## Record set
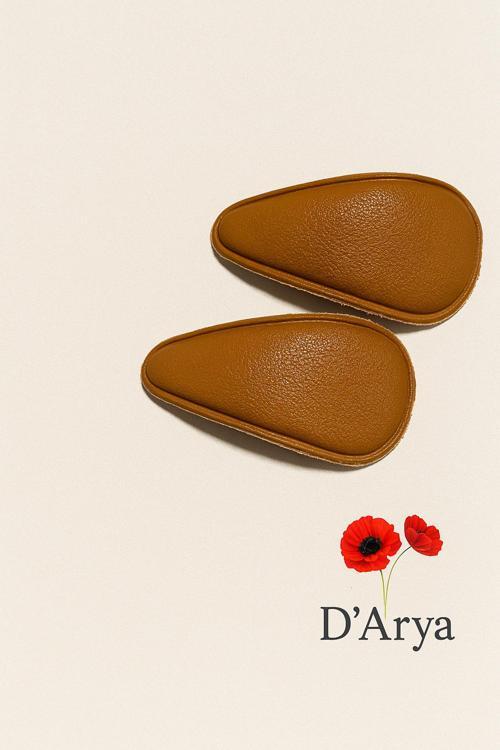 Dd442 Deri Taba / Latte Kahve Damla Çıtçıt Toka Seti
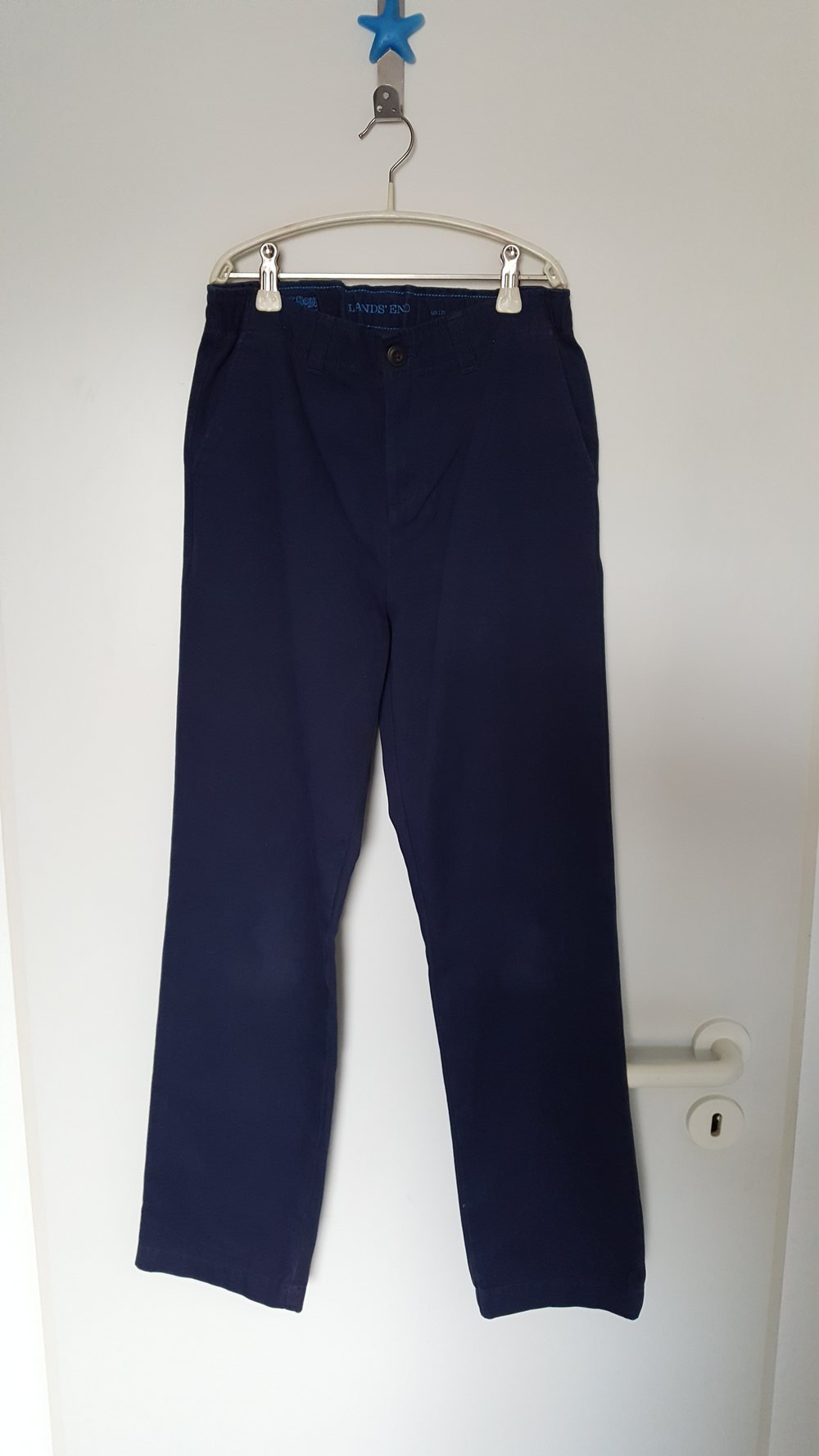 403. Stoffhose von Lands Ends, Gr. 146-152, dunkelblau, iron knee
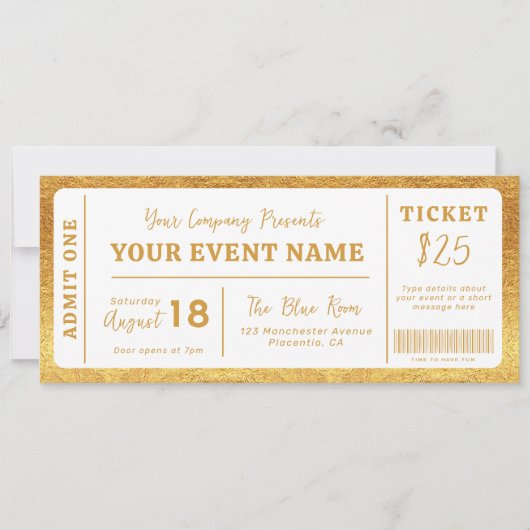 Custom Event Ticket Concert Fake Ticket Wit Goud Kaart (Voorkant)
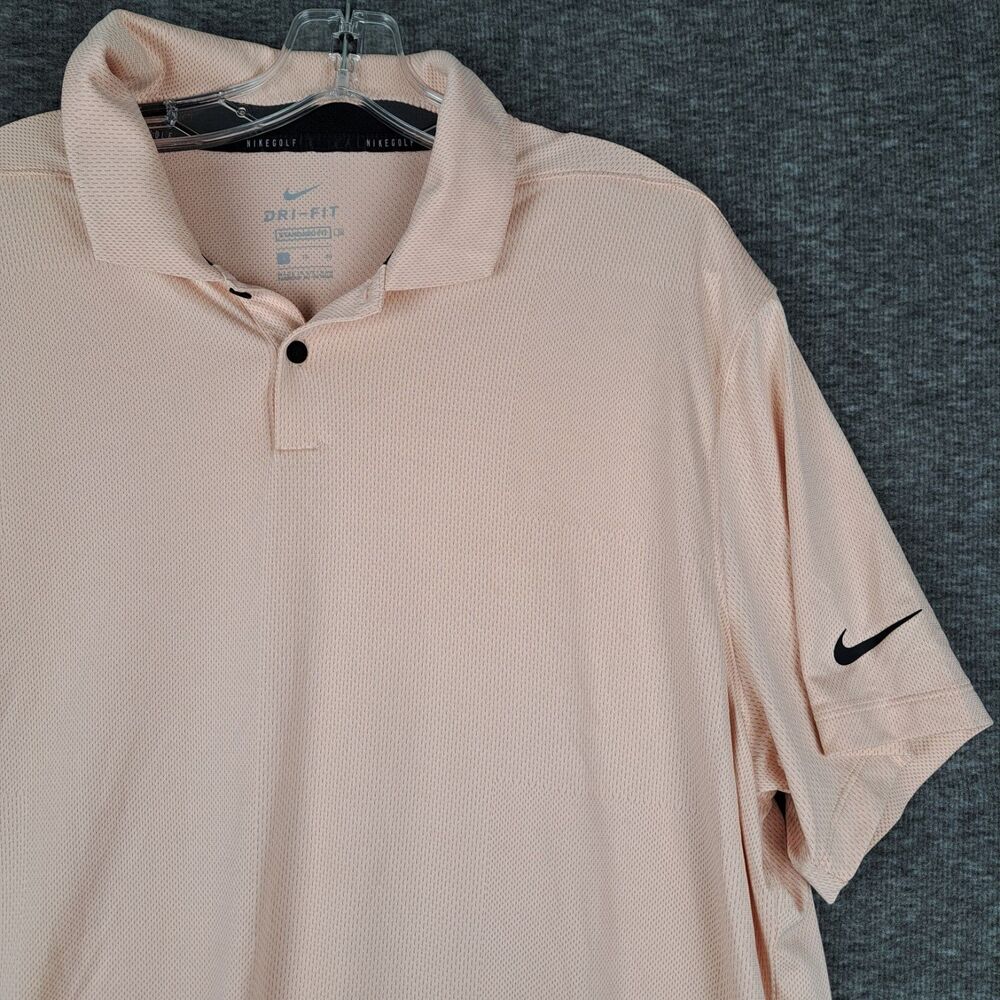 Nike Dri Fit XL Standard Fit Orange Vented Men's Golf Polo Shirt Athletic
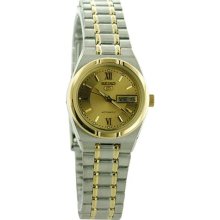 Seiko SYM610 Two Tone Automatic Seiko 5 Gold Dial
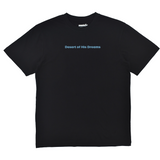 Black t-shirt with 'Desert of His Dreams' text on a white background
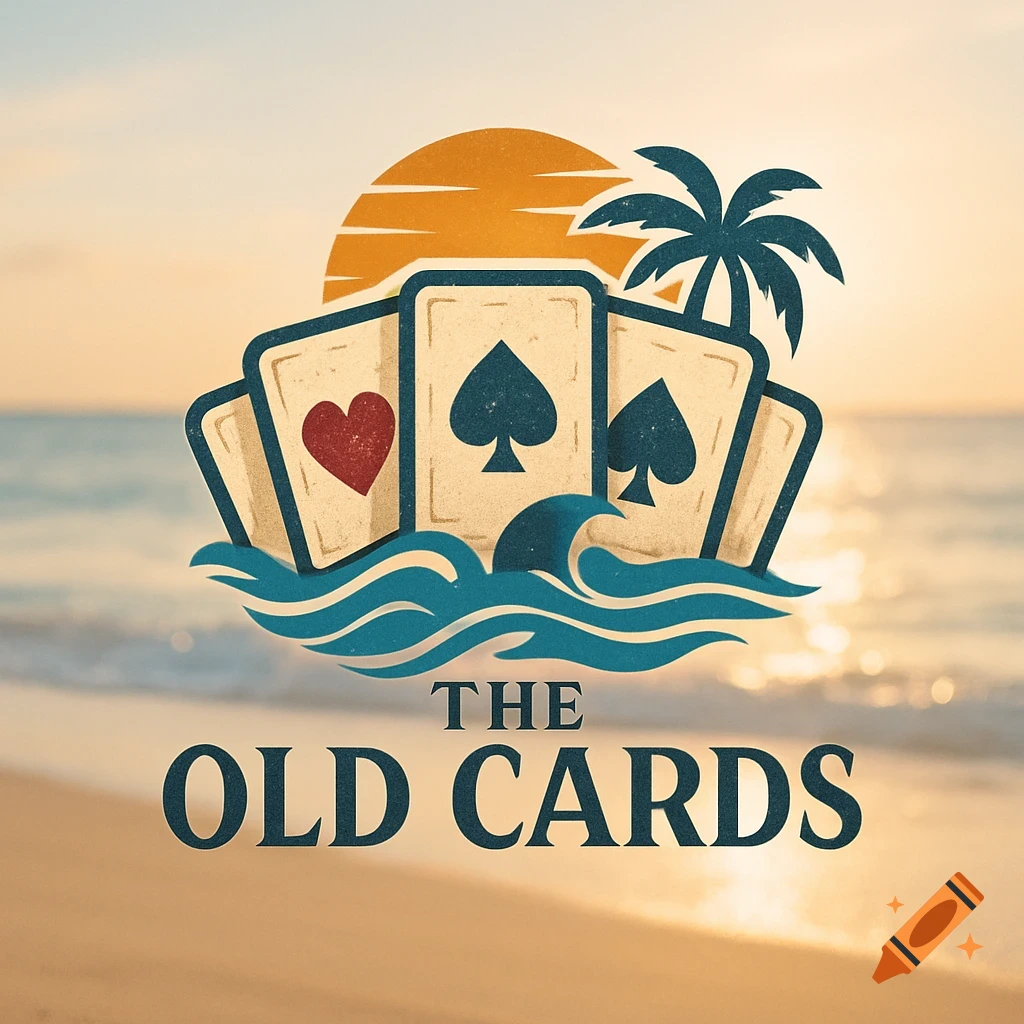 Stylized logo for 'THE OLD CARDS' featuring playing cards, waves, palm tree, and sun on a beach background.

...

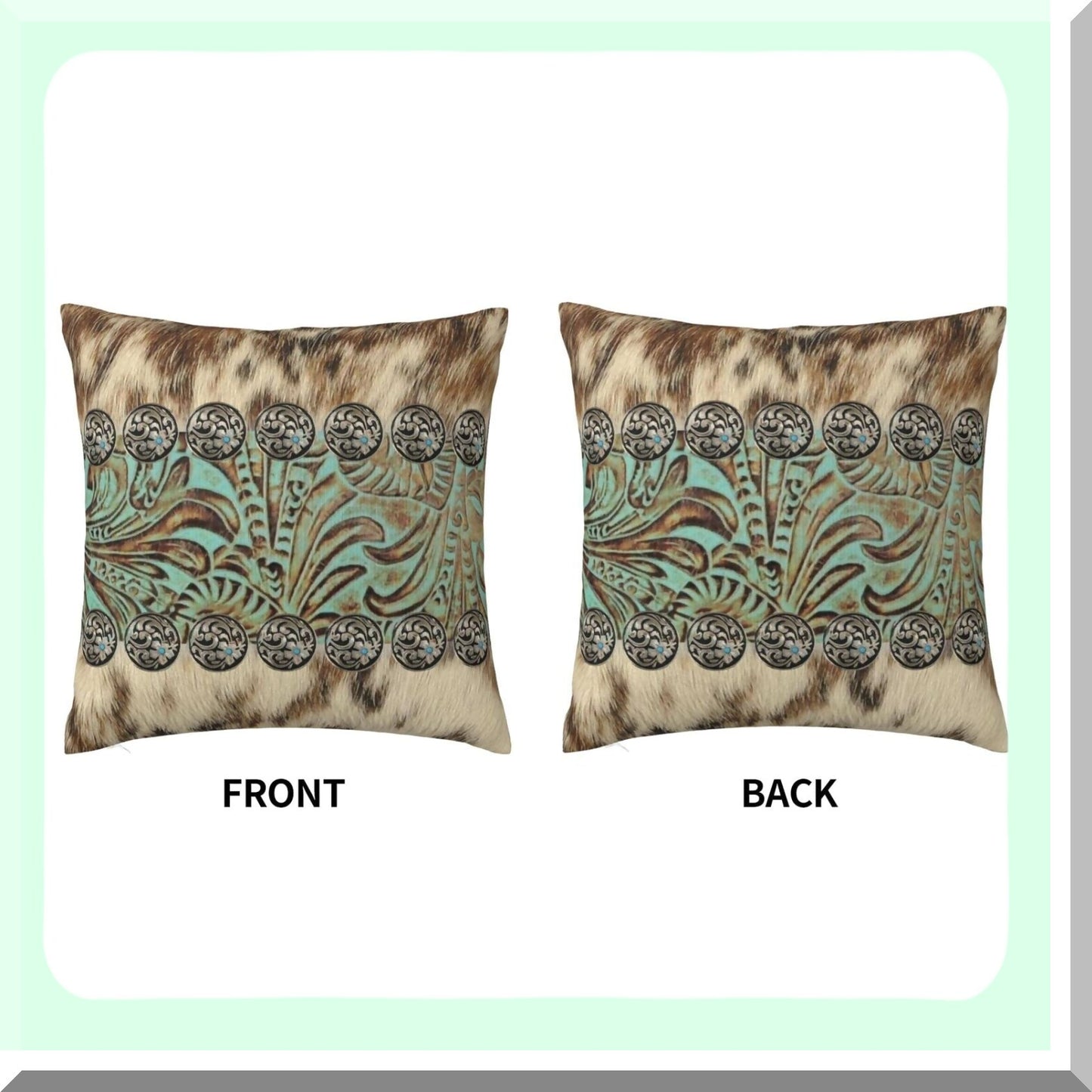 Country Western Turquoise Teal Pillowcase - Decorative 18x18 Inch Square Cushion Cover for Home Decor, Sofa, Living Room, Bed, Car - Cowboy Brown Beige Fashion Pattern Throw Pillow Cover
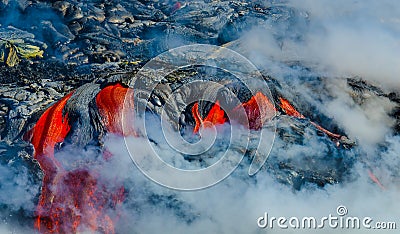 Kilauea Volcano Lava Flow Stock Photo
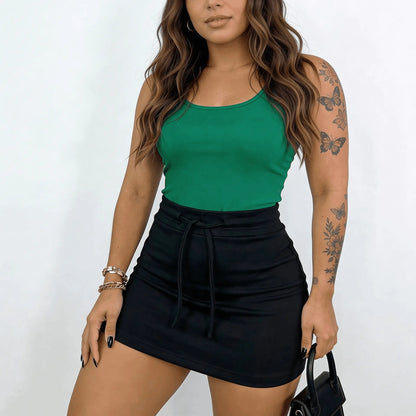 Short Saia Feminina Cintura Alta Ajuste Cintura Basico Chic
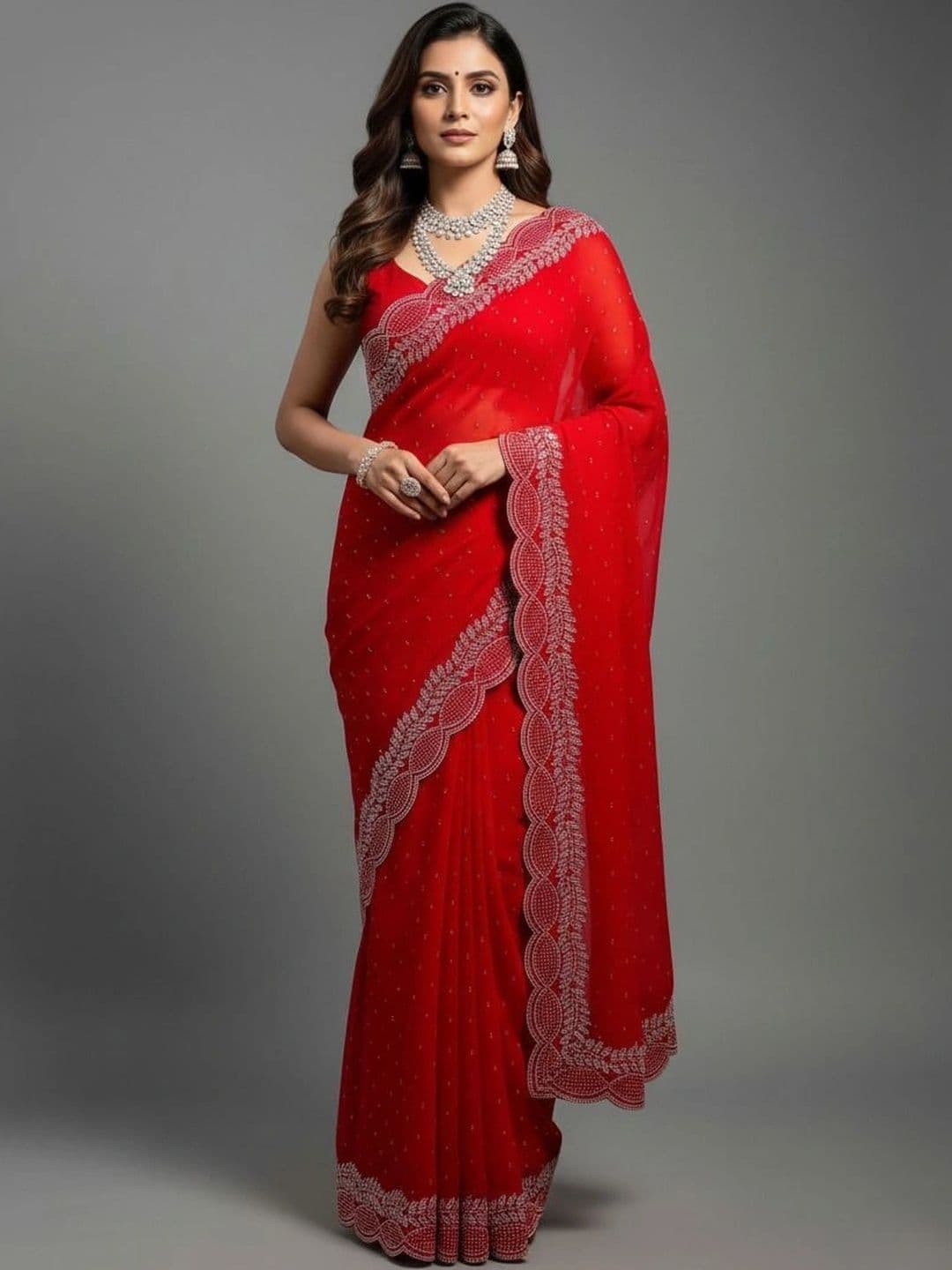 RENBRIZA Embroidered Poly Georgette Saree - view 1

## Aim of the task
What to print is the stretch of entries from the line with "Kilauea Volcano Lava Flow Stock Photo" up to and including the line with "RENBRIZA Embroidered Poly". Please print it exactly and leave out the pictures.

## Response area
 Kilauea Volcano Lava Flow Stock Photo
 Short Saia Feminina Cintura Alta Ajuste Cintura Basico Chic
 RENBRIZA Embroidered Poly Georgette Saree - view 1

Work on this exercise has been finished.